Molecular biologists, developmental biologists and computer scientists at the Universtity of Helsinki, Finland, came together to advance towards cracking the code for how gene expression is controlled. The results of this work are published in Cell, in January 2006.
A genome milestone was reached in 2001 when sequencing of the human genome was completed.
This has been followed by complete chemical read-outs of DNA sequence for several species, for example mouse, dog, cow and chicken, in the recent years.
But without a code or 'grammar' to reveal the message behind the sequence, the genomic DNA is merely a list of millions and millions of base pairs, A's, C's, G's and T's one after the other.
Based on the universal code by which DNA encodes amino acids, one can make sense of the constantly increasing amout of DNA sequence data as far as it encodes proteins.
This code was solved in 1966 and it has allowed researchers to find genes and estimate the total number of genes in the human genome. However, coding sequence covers only about 1.2% of the human genome.
At the University of Helsinki the researchers have been interested in sequences which regulate gene expression. The research group, led by professor Jussi Taipale, Ph.D, has defined the binding specificities of several transcription factors.
Transcription factors are DNA-binding proteins which are required to activate gene expression.
In collaboration biologists and computer scientists designed software called EEL (enhancer element locator) which searches genomic sequence for regions where many transcription factors bind DNA side by side.

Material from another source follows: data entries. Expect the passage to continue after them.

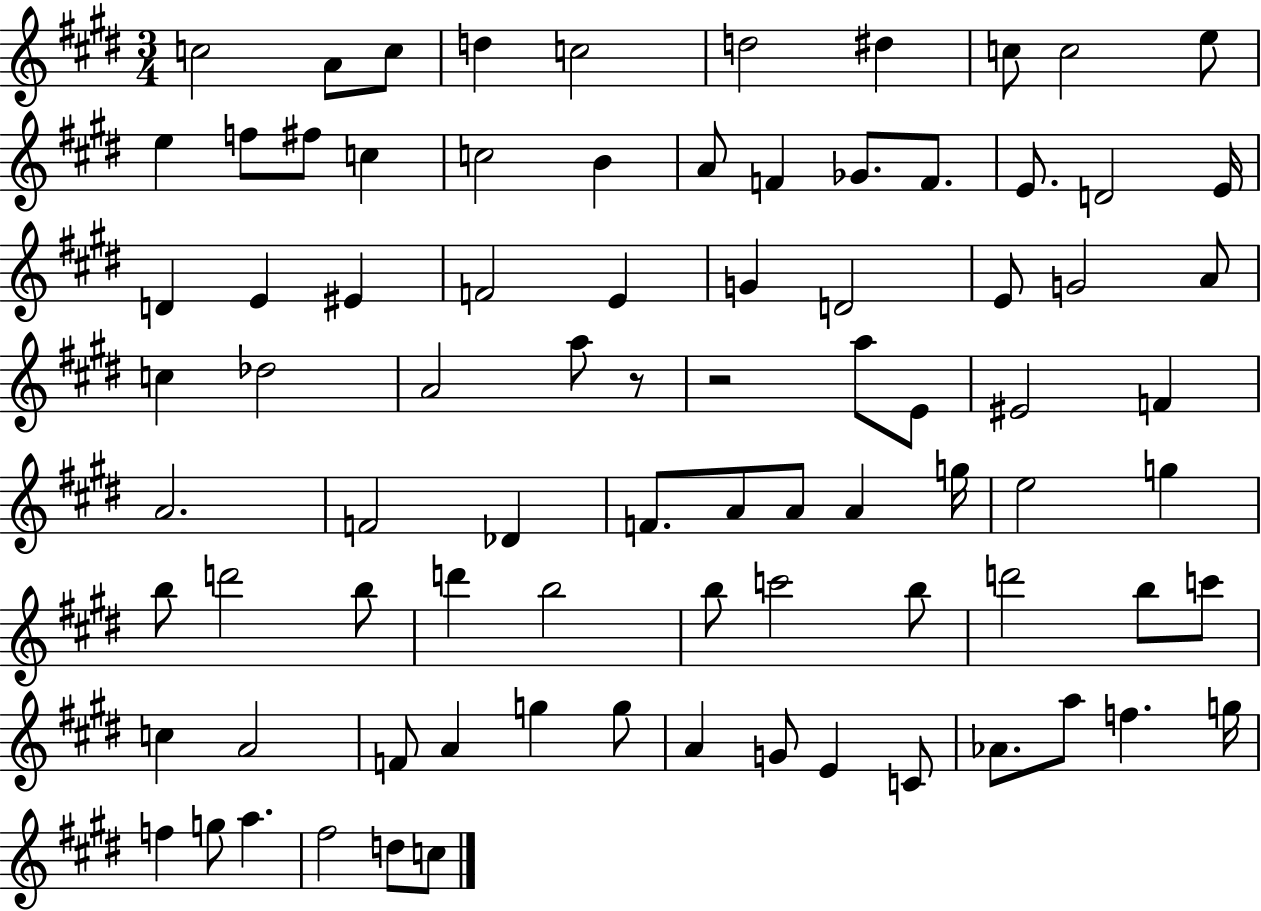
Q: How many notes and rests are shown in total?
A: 84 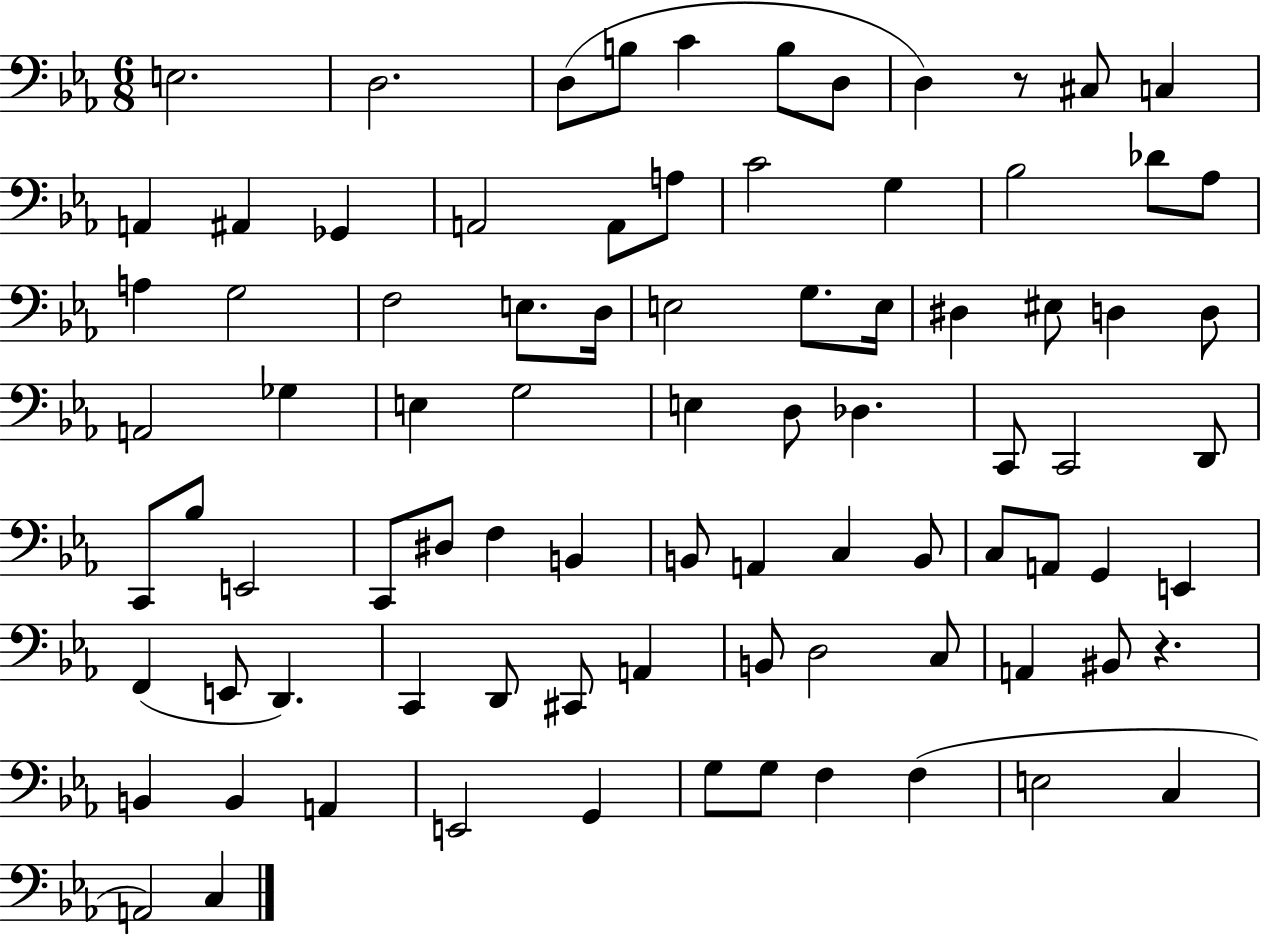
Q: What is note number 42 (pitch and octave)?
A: C2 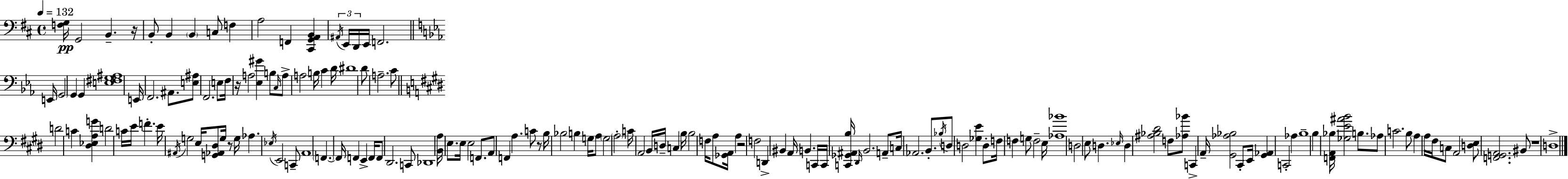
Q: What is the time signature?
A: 4/4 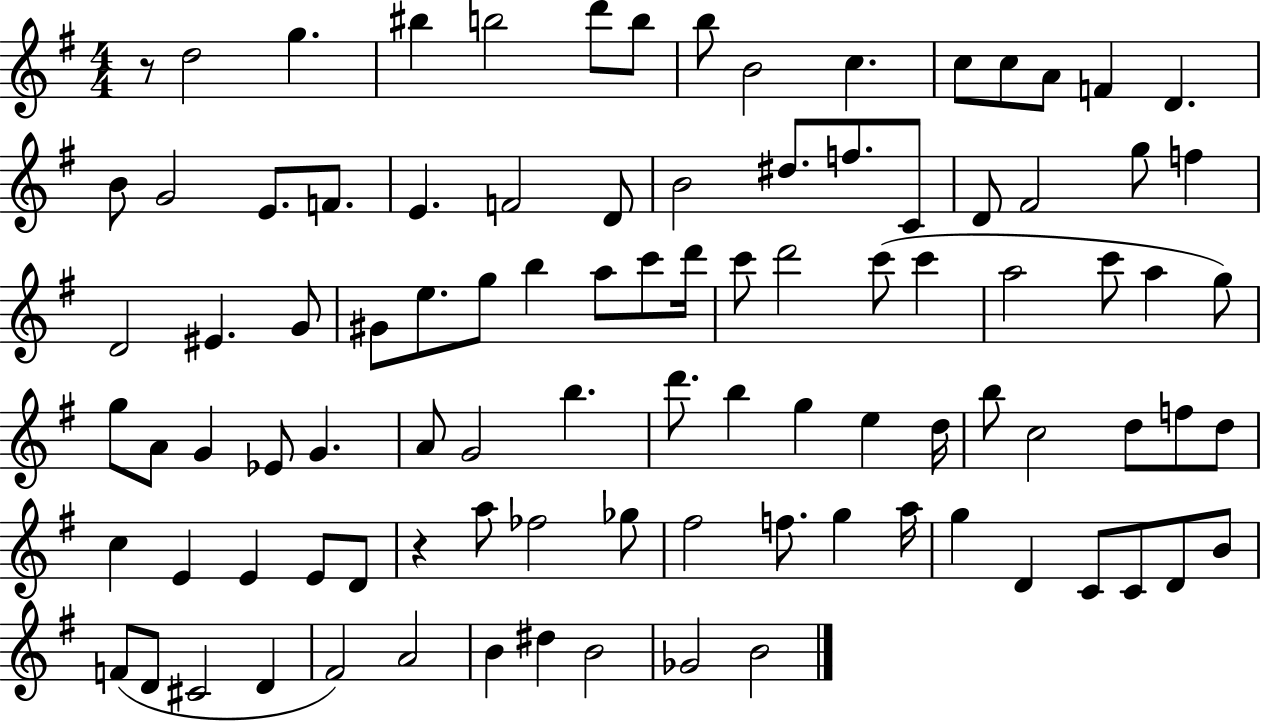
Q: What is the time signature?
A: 4/4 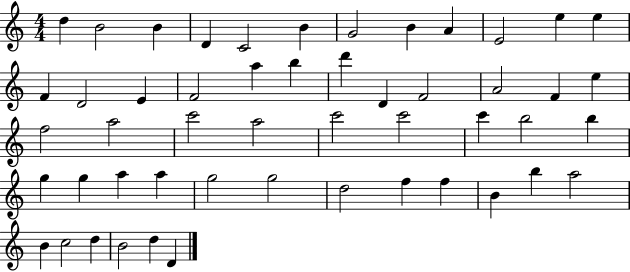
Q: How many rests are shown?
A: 0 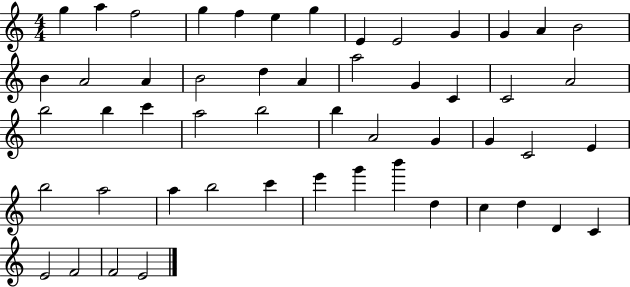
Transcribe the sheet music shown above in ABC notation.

X:1
T:Untitled
M:4/4
L:1/4
K:C
g a f2 g f e g E E2 G G A B2 B A2 A B2 d A a2 G C C2 A2 b2 b c' a2 b2 b A2 G G C2 E b2 a2 a b2 c' e' g' b' d c d D C E2 F2 F2 E2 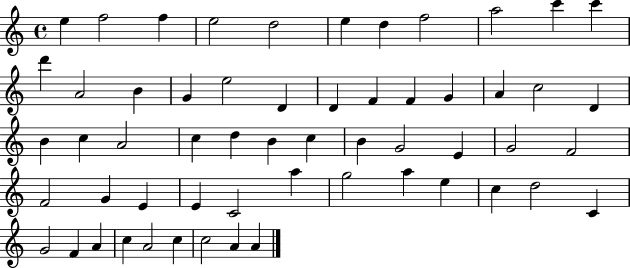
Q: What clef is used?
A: treble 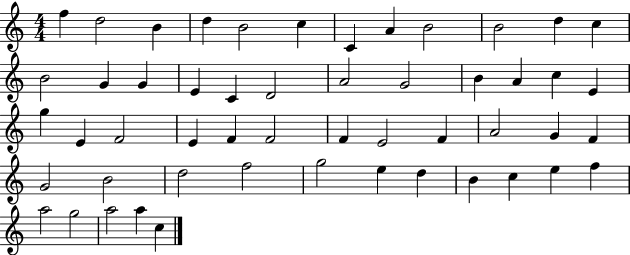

Finding the same region with high frequency of transcription factors in several species indicates that the DNA element regulates gene expression.
The researchers showed that the predicted regulatory elements direct organ-specific expression of a marker gene in transgenic mice. Novel experimental and computational methods enabled genome-wide analysis of regulatory elements in several species.
The findings of the Finnish scientists have implications to the study of cancer, evolution, development biology and many other areas of biology. The work revealed a potential mechanism explaining why many different genes are linked to cancer.